CIHI, A BIOTROPHY-RELATED GENE EXPRESSED SPECIFICALLY AT THE INTRACELLULAR INTERFACE FORMED BETWEEN COLLETOTRICHUM LINDEMUTHIANUM AND FRENCH BEAN
S PERFECT1, J GREEN1 and R O'CONNELL2
1 University of Birmingham, UK; 2IACR-Long Ashton, Bristol, UK
Background and objectives
Colletotrichum is a large genus of plant pathogenic fungi causing anthracnose on a wide range of crops. C. lindemuthianum is a hemibiotrophic species which causes anthracnose of bean, Phaseolus vulgaris. During the inital biotrophic stage of infection, the fungus differentiates infection vesicles and primary hyphae within host epidermal cells. These specialised intracellular hyphae invaginate the host plasma membrane, from which they are separated by a matrix layer. Monoclonal antibodies (MAbs) raised to isolated infection structures have been used to identify proteins present at the fungal-plant interface. This project aims to further characterise these novel molecules.
Results and conclusions
One of these MAbs, designated LTB25, recognises a protein epitope in a 4O-kDa N-linked glycoprotein specific to intracellular hyphae. Indirect immunofluoreseence and EM-immunogold labelling show that the glycoprotein is present in the infection peg, and the fungal walls and matrix surrounding the intracellular hyphae. However, it is not present in secondary necrotrophic hyphae, which suggests that it is specific to biotrophic infection structures. The glycoprotein may therefore be involved in the establishment and maintenance of biotrophy.

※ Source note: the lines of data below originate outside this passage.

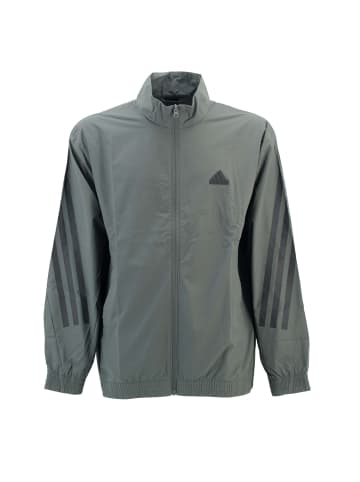 adidas Sweatjacke Future Icons Woven Track Top in Grau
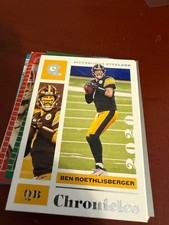 2020 Panini Chronicles Ben Roethlisberger Steelers #80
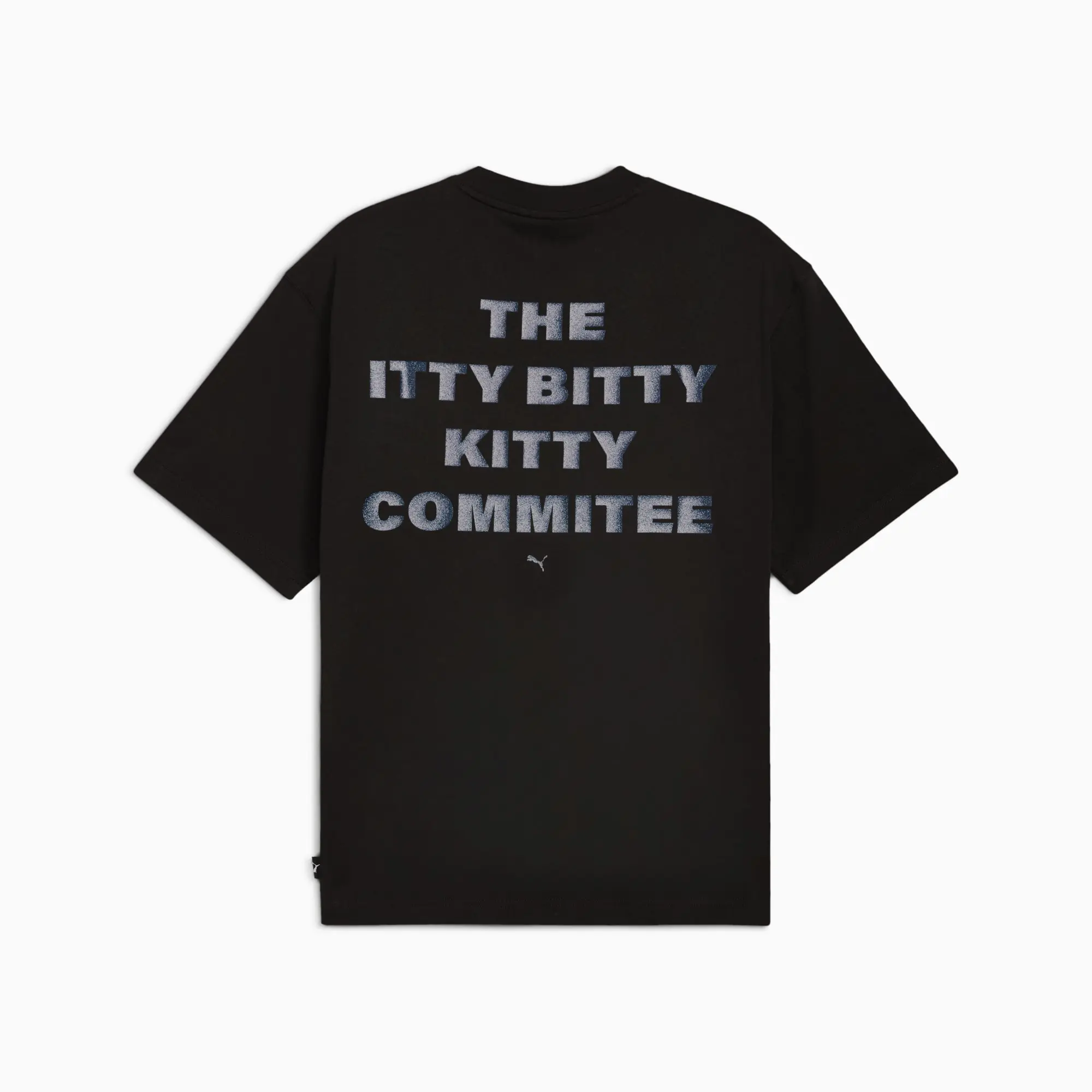 PUMA Graphic Itty Bitty T-Shirt Men, Black, size Large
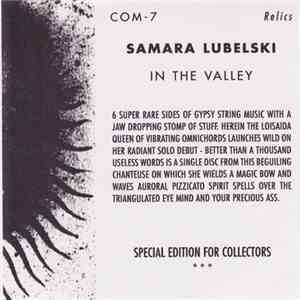 Samara Lubelski - In The Valley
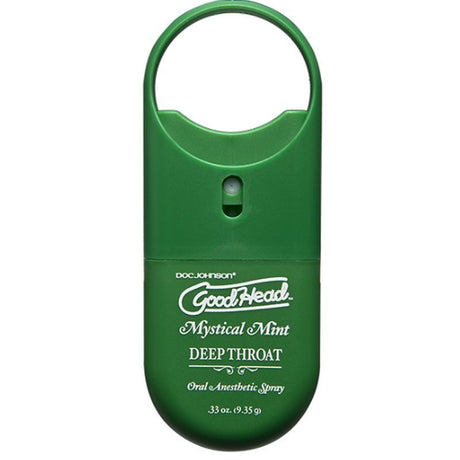 GoodHead To Go Deep Throat Spray Mint 9ml - Lotions & Potions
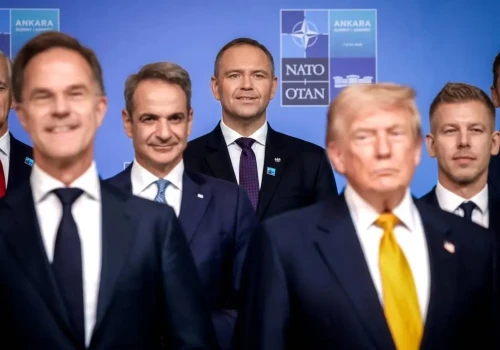 Prezydent Nawrocki na szczycie NATO w Ankarze. ZOBACZ ZDJĘCIA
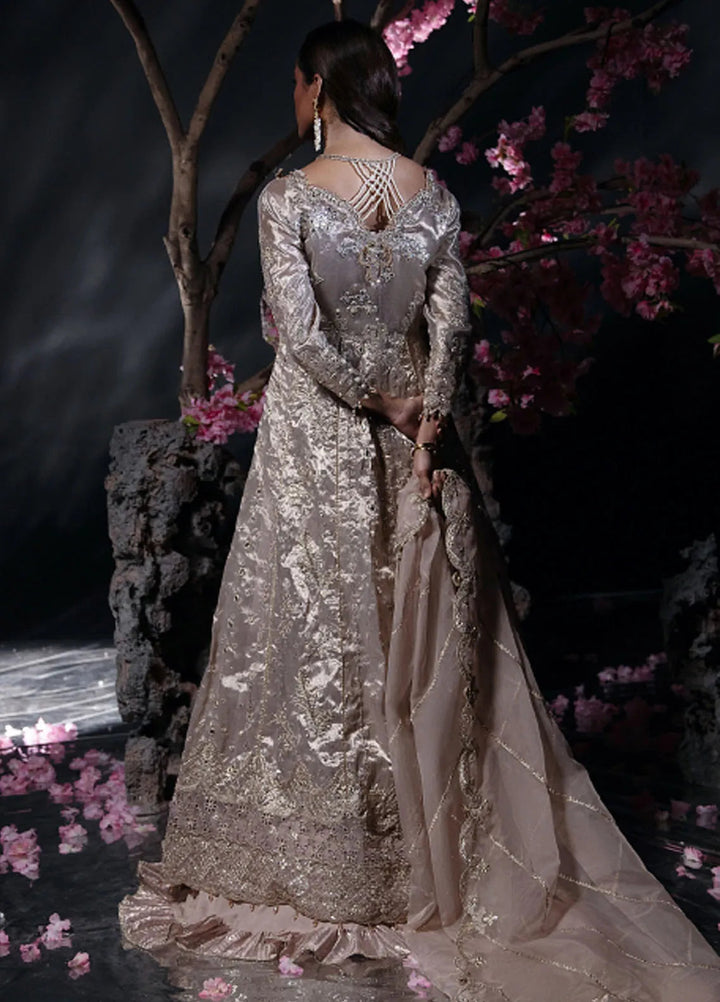 Florent Embroidered Silk Suit Unstitched 3 Piece FL24R Opaline - Formal Collection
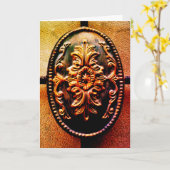 Blumengate Karte (Gelbe Blume)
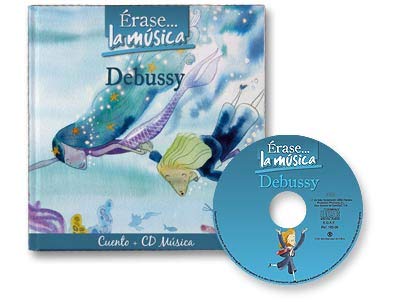 Libro DEBUSSY ERASE LA MUSICA de nan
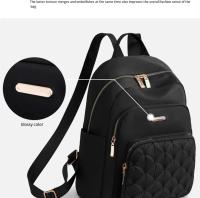 Mochilas populares para Mujeres, Elegantes mochilas de Tela Oxford, mochilas de viaje para Damas, mochilas de viaje - details 1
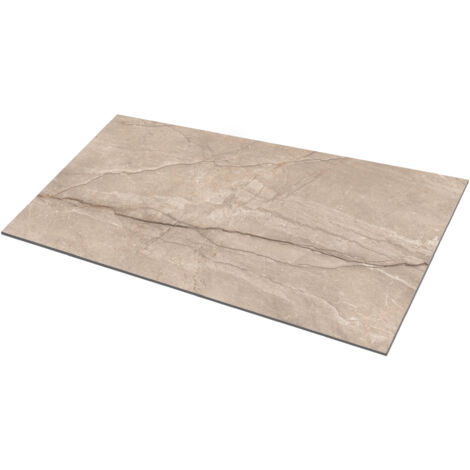 Lavita Fliese Feinsteinzeug Wand- und Bodenfliese Riverstone Brown Matt 60x120 Rektifizierte Frostbeständig Qualität Gresfliesen : 1,44 m2 pro Packung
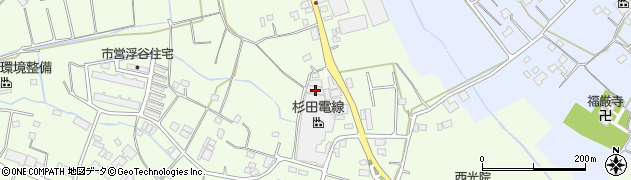 埼玉県さいたま市岩槻区浮谷2279周辺の地図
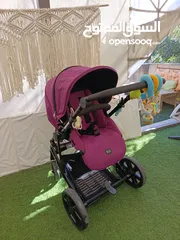  10 عرباية أطفال ماركة Britax بحاله ممتازه
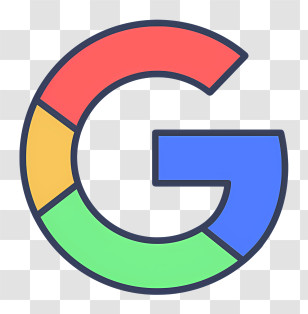 Google Logo - Google Logo In Vibrant Colors Transparent PNG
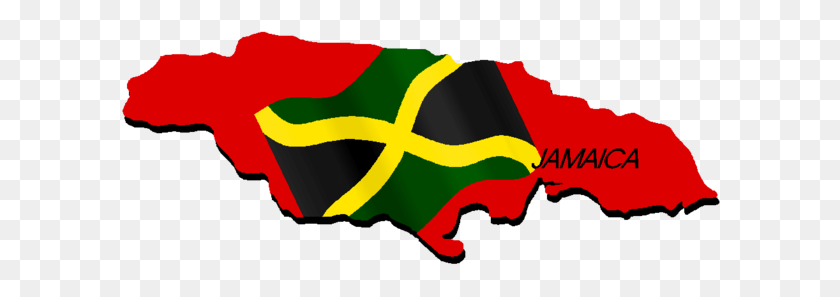 600x237 Бесплатные Изображения Карта Ямайки - Ямайка Клипарт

A cDNA library has been constructed from total RNA isolated from infected bean hypocotyl epidermis. The MAb UB25 has been used to immunoscreen the library and positive clones have been isolated and sequenced. Southern analysis indicates that the CIHI glycoprotein recognised by LTB25 is fungally encoded. Analysis of the deduced amino acid sequence of CIHI revealed the presence of two distinct domains, one of which is proline-rich and contains short repetitive motifs with tyrosinelysine pairs. Tyrosine residues have been implicated in the oxidative cross-linking of proteins such as extensins. Cross-linking studies of CIHI indicate that this glycoprotein has the potential to be oxidatively cross-linked by peroxidase in the presence of hydrogen peroxide. Gene disruption studies are under way to assess the functional importance of CIHI.